**YOUR ASSIGNMENT:**
In your copy, leave out the pictures and reproduce the listing below exactly.

+===+

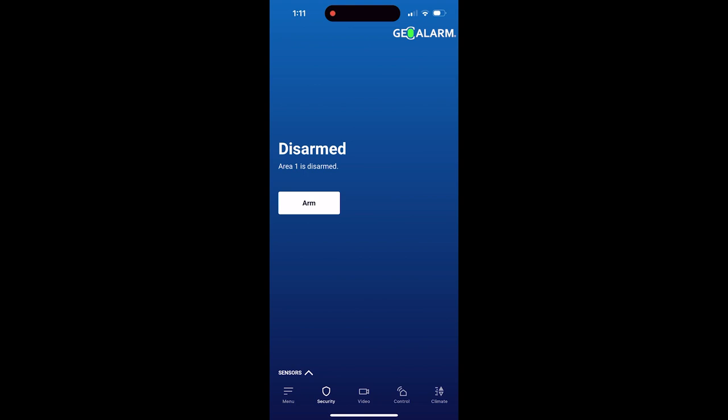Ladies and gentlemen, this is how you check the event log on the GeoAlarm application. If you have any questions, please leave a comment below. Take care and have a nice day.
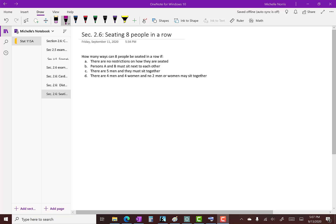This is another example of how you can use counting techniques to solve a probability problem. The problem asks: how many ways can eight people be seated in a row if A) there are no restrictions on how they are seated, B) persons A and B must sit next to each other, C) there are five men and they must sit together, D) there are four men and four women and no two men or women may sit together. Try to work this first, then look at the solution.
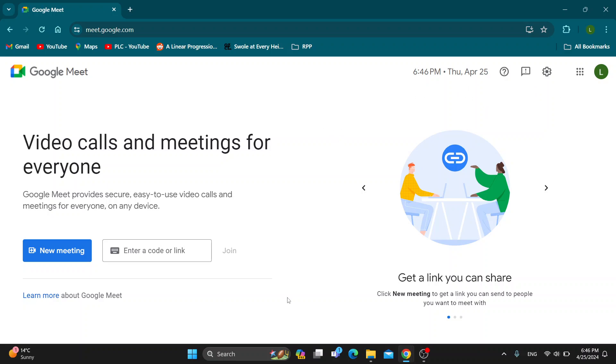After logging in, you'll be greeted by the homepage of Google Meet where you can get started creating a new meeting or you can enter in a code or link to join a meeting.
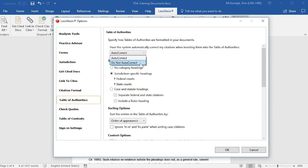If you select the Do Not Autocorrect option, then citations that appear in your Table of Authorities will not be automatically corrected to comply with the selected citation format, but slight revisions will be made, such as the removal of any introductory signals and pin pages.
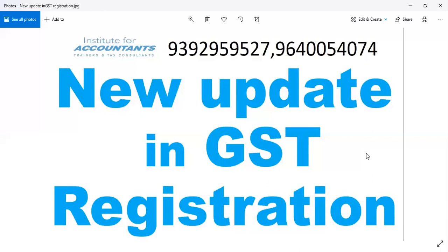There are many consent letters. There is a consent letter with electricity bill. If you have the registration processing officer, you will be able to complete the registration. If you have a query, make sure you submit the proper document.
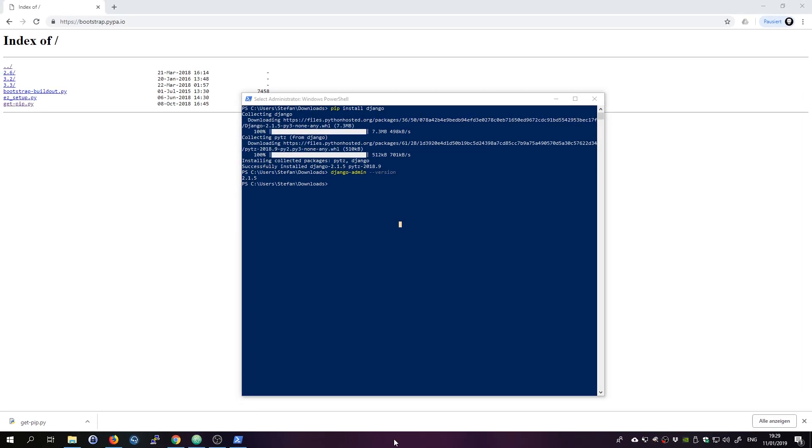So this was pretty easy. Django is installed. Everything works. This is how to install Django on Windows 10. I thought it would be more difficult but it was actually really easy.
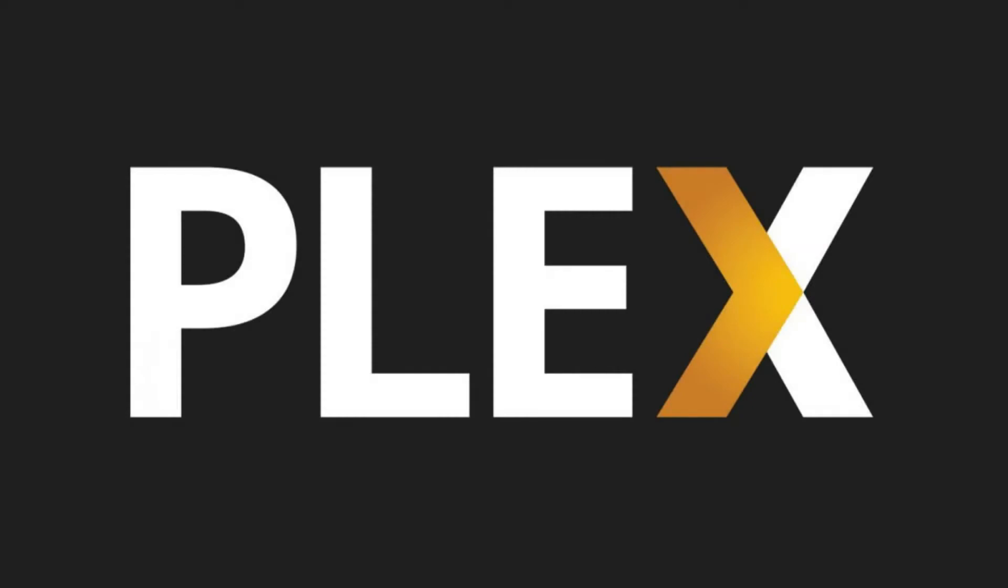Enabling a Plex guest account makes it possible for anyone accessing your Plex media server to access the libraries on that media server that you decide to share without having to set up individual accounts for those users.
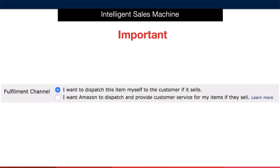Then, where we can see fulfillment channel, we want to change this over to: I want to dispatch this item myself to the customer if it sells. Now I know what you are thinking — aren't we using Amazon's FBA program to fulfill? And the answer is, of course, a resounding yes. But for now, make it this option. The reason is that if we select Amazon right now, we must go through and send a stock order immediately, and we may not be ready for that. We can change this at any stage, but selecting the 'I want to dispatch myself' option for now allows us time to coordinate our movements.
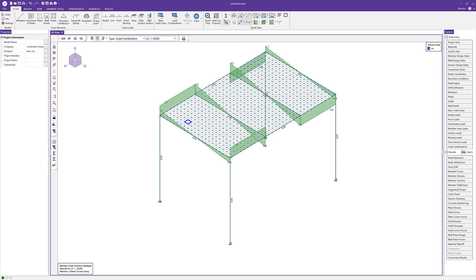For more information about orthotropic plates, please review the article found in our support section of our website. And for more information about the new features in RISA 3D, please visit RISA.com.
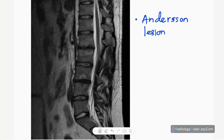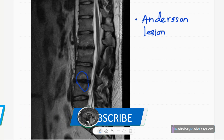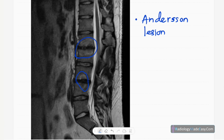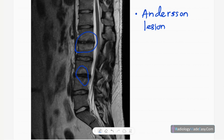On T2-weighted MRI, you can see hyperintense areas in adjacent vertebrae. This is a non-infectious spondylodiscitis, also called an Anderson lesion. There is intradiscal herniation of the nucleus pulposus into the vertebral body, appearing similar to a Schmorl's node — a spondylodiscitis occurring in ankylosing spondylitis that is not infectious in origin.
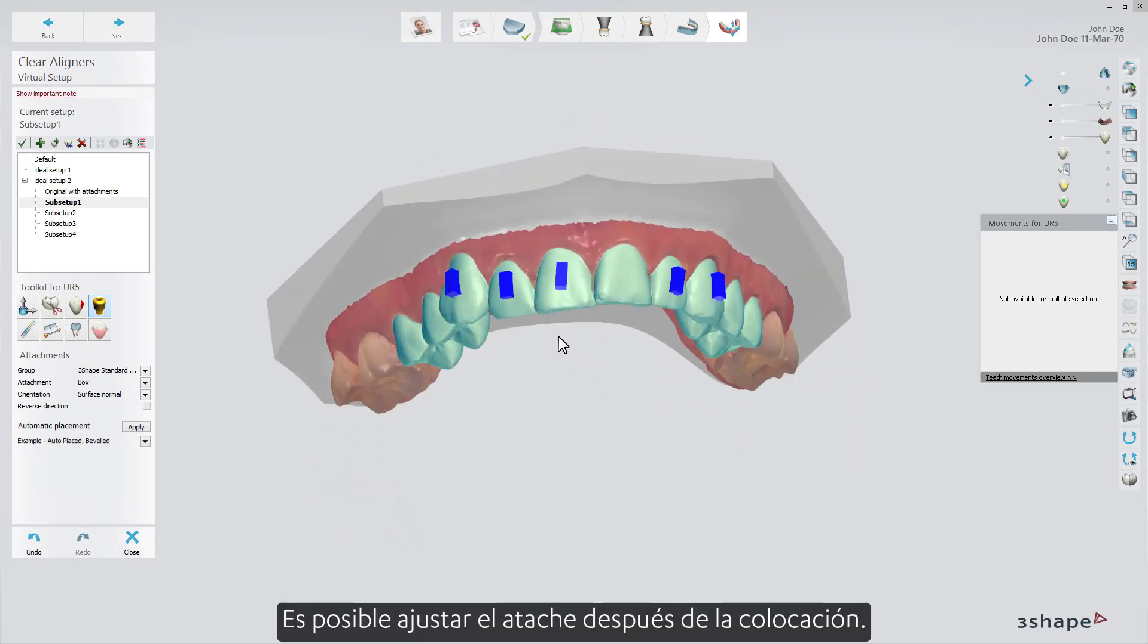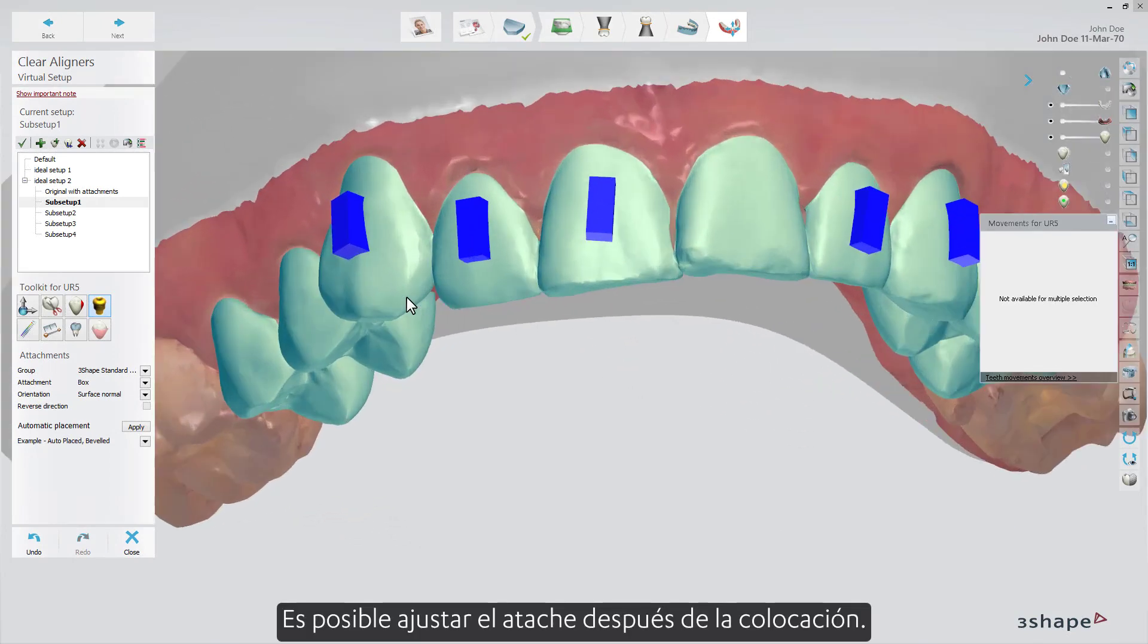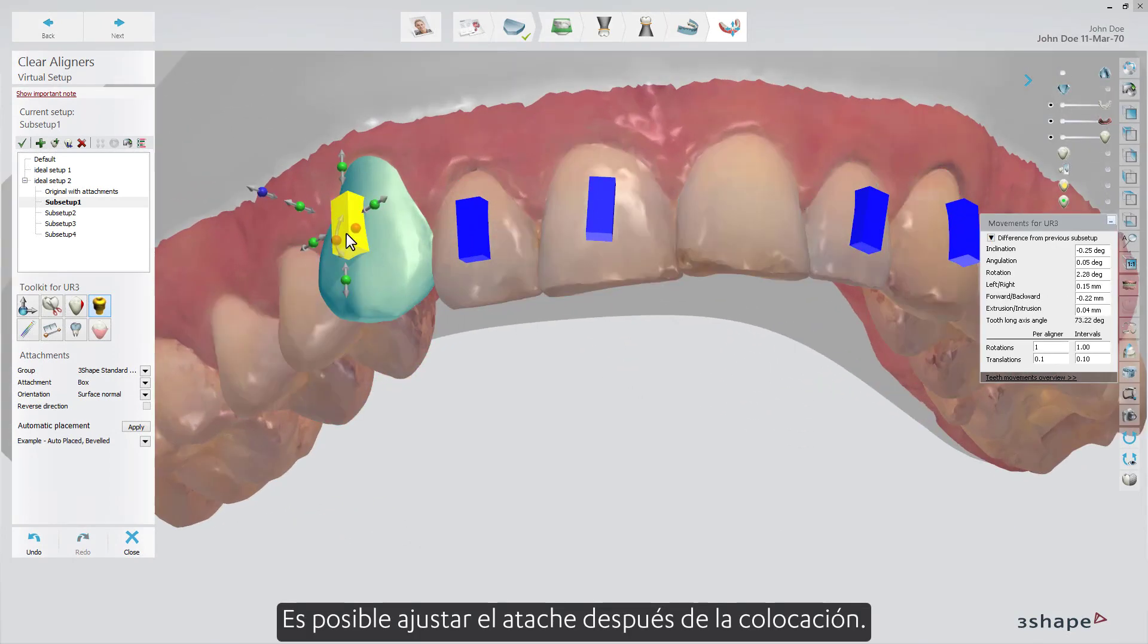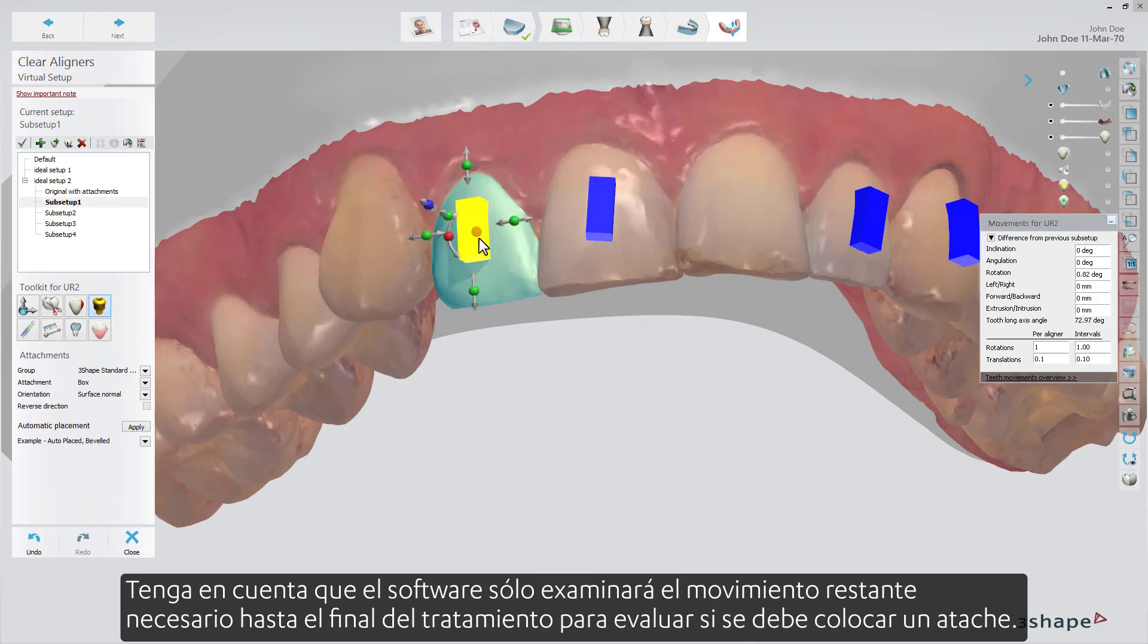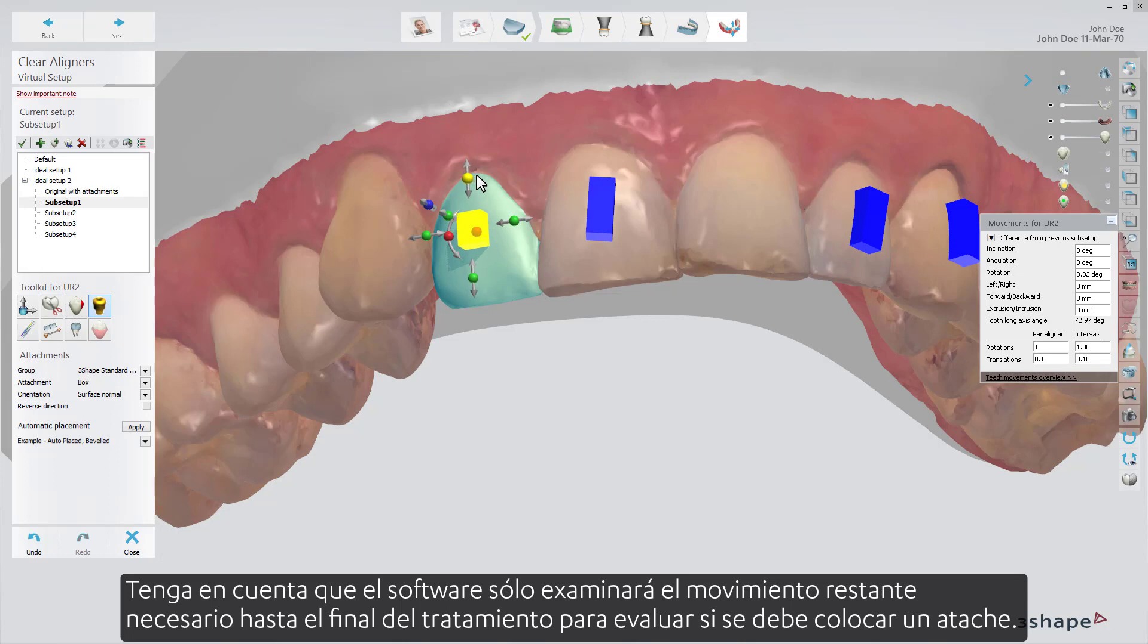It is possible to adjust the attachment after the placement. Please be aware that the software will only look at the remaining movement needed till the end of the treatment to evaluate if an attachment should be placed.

+===+

**EXERCISE OUTPUT:**
Ladies and gentlemen, this is how you check the event log on the GeoAlarm application. If you have any questions, please leave a comment below. Take care and have a nice day.
This is another example of how you can use counting techniques to solve a probability problem. The problem asks: how many ways can eight people be seated in a row if A) there are no restrictions on how they are seated, B) persons A and B must sit next to each other, C) there are five men and they must sit together, D) there are four men and four women and no two men or women may sit together. Try to work this first, then look at the solution.
After logging in, you'll be greeted by the homepage of Google Meet where you can get started creating a new meeting or you can enter in a code or link to join a meeting.
If you select the Do Not Autocorrect option, then citations that appear in your Table of Authorities will not be automatically corrected to comply with the selected citation format, but slight revisions will be made, such as the removal of any introductory signals and pin pages.
There are many consent letters. There is a consent letter with electricity bill. If you have the registration processing officer, you will be able to complete the registration. If you have a query, make sure you submit the proper document.
So this was pretty easy. Django is installed. Everything works. This is how to install Django on Windows 10. I thought it would be more difficult but it was actually really easy.
Enabling a Plex guest account makes it possible for anyone accessing your Plex media server to access the libraries on that media server that you decide to share without having to set up individual accounts for those users.
Then, where we can see fulfillment channel, we want to change this over to: I want to dispatch this item myself to the customer if it sells. Now I know what you are thinking — aren't we using Amazon's FBA program to fulfill? And the answer is, of course, a resounding yes. But for now, make it this option. The reason is that if we select Amazon right now, we must go through and send a stock order immediately, and we may not be ready for that. We can change this at any stage, but selecting the 'I want to dispatch myself' option for now allows us time to coordinate our movements.
For more information about orthotropic plates, please review the article found in our support section of our website. And for more information about the new features in RISA 3D, please visit RISA.com.
On T2-weighted MRI, you can see hyperintense areas in adjacent vertebrae. This is a non-infectious spondylodiscitis, also called an Anderson lesion. There is intradiscal herniation of the nucleus pulposus into the vertebral body, appearing similar to a Schmorl's node — a spondylodiscitis occurring in ankylosing spondylitis that is not infectious in origin.
It is possible to adjust the attachment after the placement. Please be aware that the software will only look at the remaining movement needed till the end of the treatment to evaluate if an attachment should be placed.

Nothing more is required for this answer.